6. There are changes in a host of brain chemicals as the result
of ECT (reviewed by Essman, 1973). Synthesis of protein and RNA are
inhibited within five minutes of ECS, with the decrease persisting
for a number of hours. The levels of neural transmitters (acetylcholine,
norepinephrine, serotonin) and their related enzymes also change.
For example, acetylcholine and the enzyme that destroys it,
acetyicholinesterase, fall after ECT but rise above normal levels
within 2 hours. These changes are reflected in the choline levels in
the cerebrospinal fluid, which in man and monkey are increased 24
hours following a single ECT and remain elevated for at least a week
after multiple ECT. Changes in serotonin, an important neural
transmitter, last up to 5 months. The time courses of these changes
are very complex, and their meaning is not yet understood.
Nevertheless, each of the chemicals listed has been shown to play
some role in memory, and I would anticipate that significant changes
in any one of them might contribute to the changes in memory that
have been demonstrated to follow ECT.
7. Following ECT, there is a marked rise-in cerebral levels of
arachidonic acid (Essman, 1973; Bazan, N.G., 1970, 1971). This
compound has been shown to cause aggregation of blood platelets when
injected d into the cerebral blood supply, resulting in small
"strokes" throughout the brain (Furlow, T.W., Jr. and
Bass, N.H., 1975). Conceivably the rise. in arachidonic acid
associated with ECT could be a source of the brain damage to be
described later.
Changes in the Electroencephalogram (E.E.G.)
The EEG changes markedly during and following ECT. Before describing
these changes, it is necessary to explain what the EEG represents.

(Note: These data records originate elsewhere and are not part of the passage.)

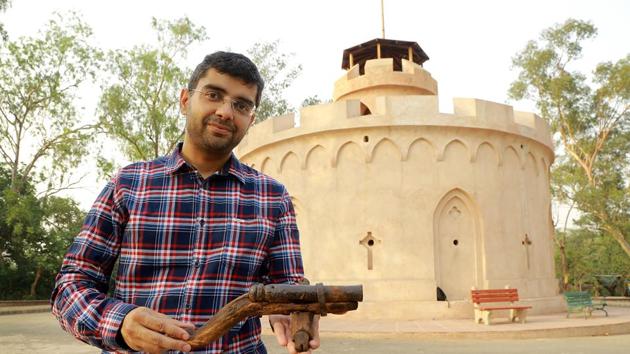 Anshul Kaushik with a gun from the 1857 sepoy mutiny.(Amal KS/HT Photo)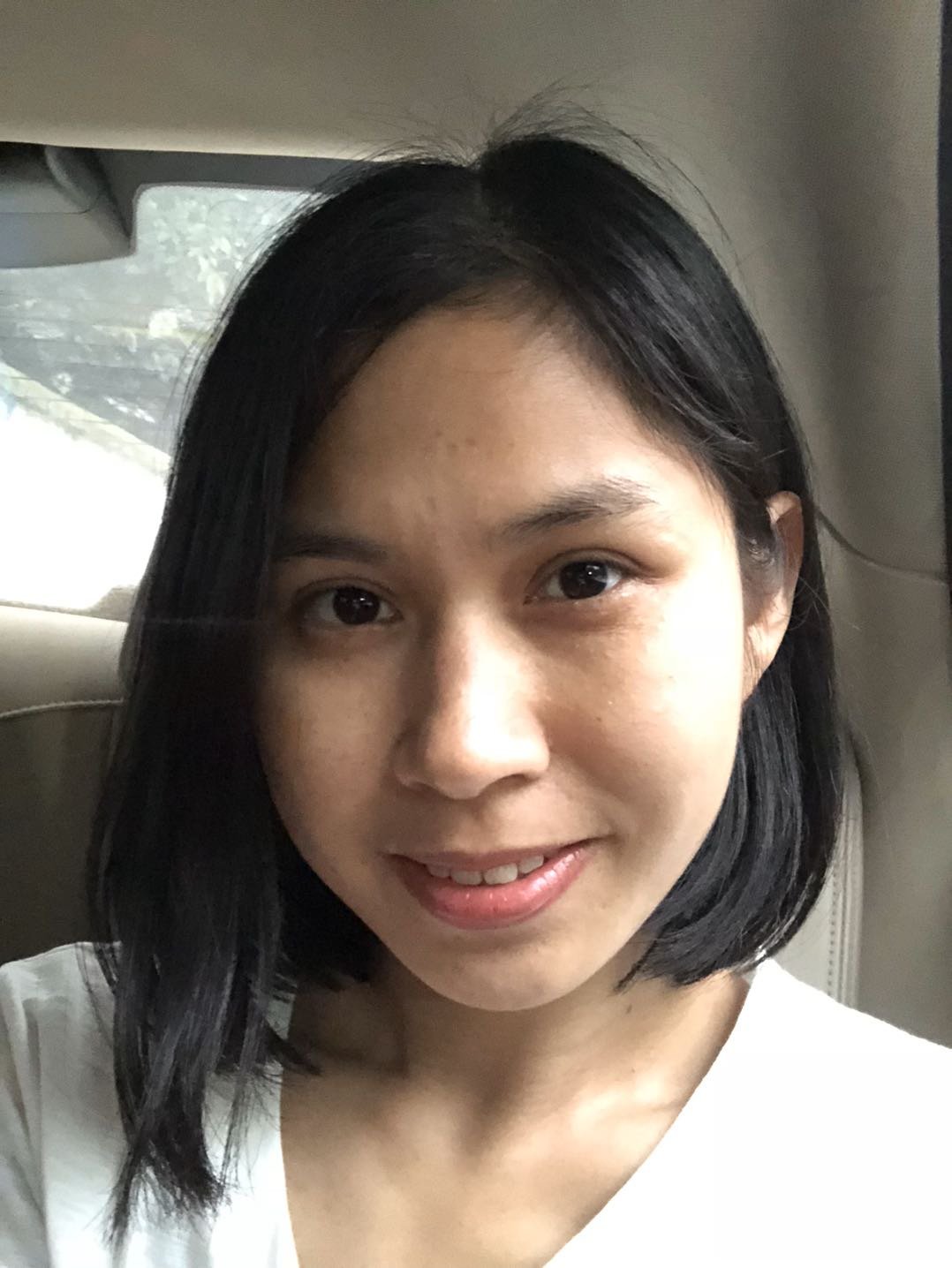 来两张普通的生活照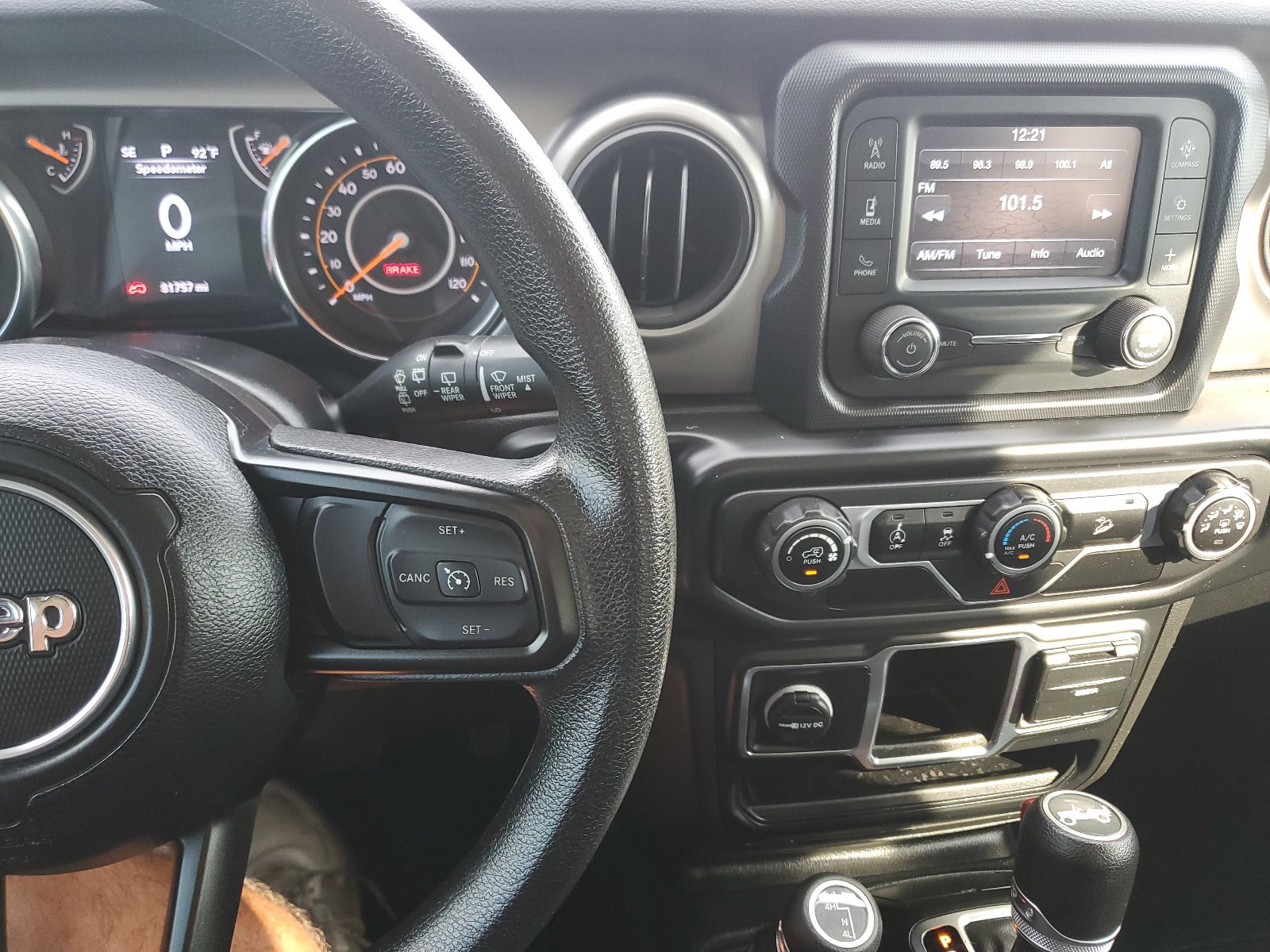 Used 2020 Jeep Wrangler Sport AWD/4WD image 21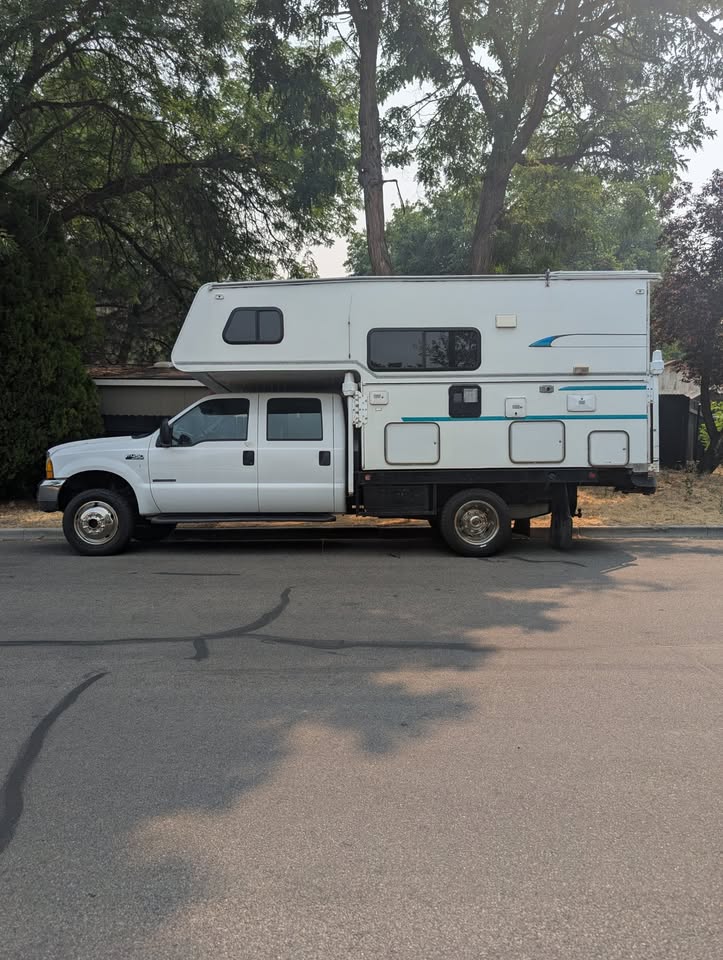 2000 Ford F-450 4x4 Camper Combo in Boise, ID (photo 2) — photo 2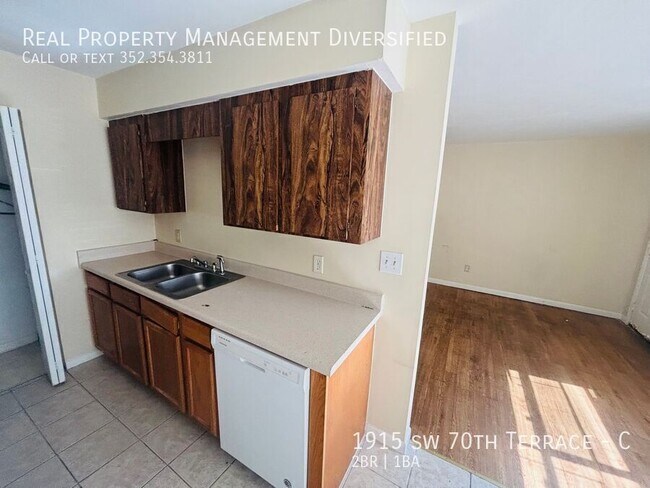 Building Photo - 1915 SW 70th Terrace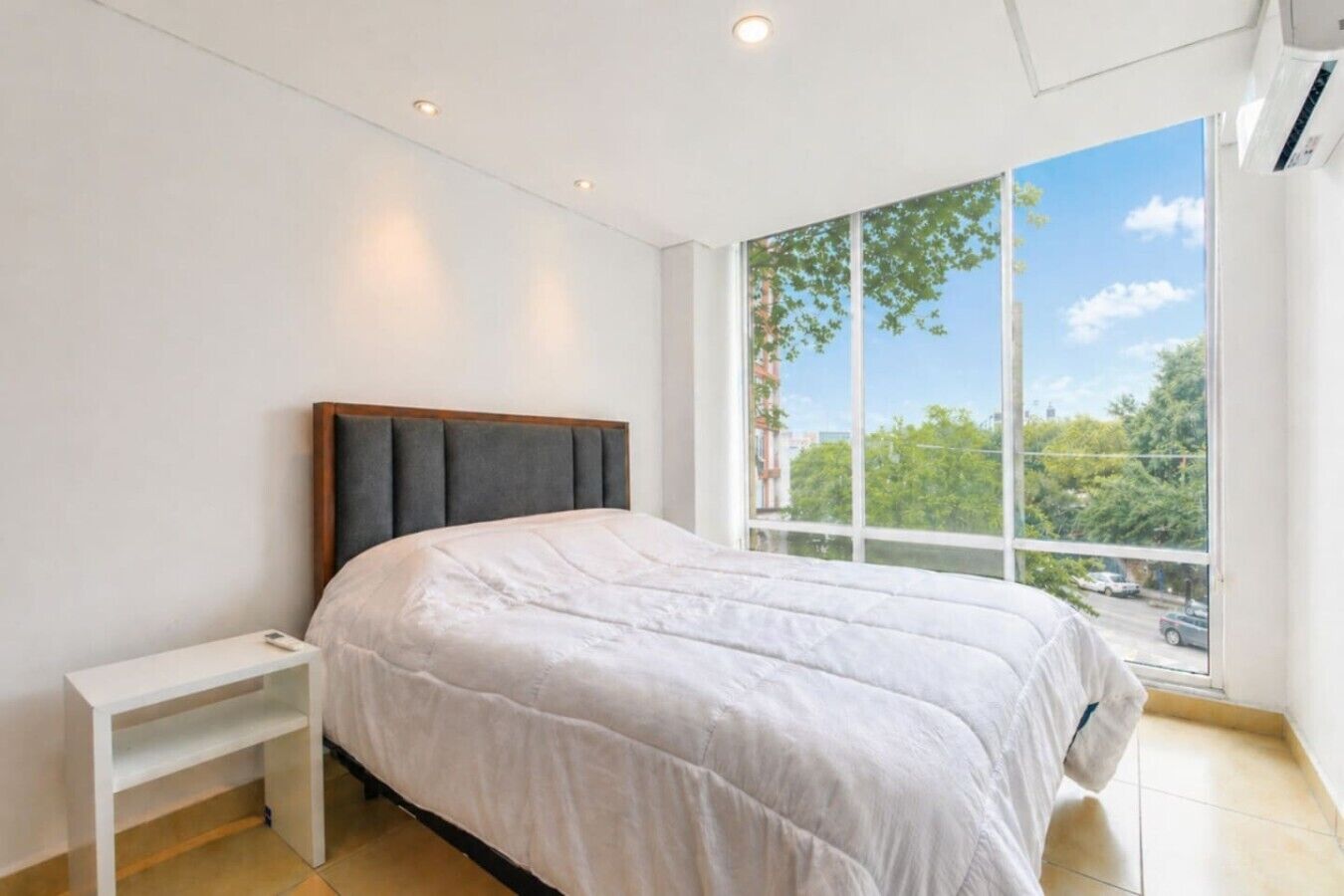 Desk, iron/ironing board, WiFi, bed sheets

The electrical activity of neurons can be studied in two ways --
either by recording the electrical activity of one neuron at a time
to see how it responds to particular environmental events -- or by
recording outside the skull from a large population of neurons and
their supporting "glial" cells. It is something like
pushing a microphone close to one member of an orchestra (single
neuron) and listening to his theme or withdrawing the microphone in
order to listen to the whole (EEG). In the first case, one can make
out the individual notes; in the second, one hears the overall
rhythm, pitch, and loudness, but blended in such a way that the
detailed contributions cannot be discerned.. When the rhythms of
millions of individual nerve cells are merged in the EEG, the
resulting broader rhythms have fairly characteristic features in
normal and pathological states. When something is wrong, one cannot
identify precisely what it is -- especially since glial cells as
well as nerve cells contribute to the EEG rhythm -- but one can be
sure that something is wrong. In awake adults, a beta-rhythm is
normally seen with a frequency of about 15-60/ sec. and an amplitude
of 5-10uV (low voltage-fast activity). If the person closes his
eyes, the rhythms, particularly over the visual area, may slow a
little and increase in amplitude, changing to an alpha-rhythm of
8-10 sec., 5OuV. In sleep the rhythm slows to a delta-rhythm, still
slower (1-5/sec.) and higher in amplitude (20-200uV).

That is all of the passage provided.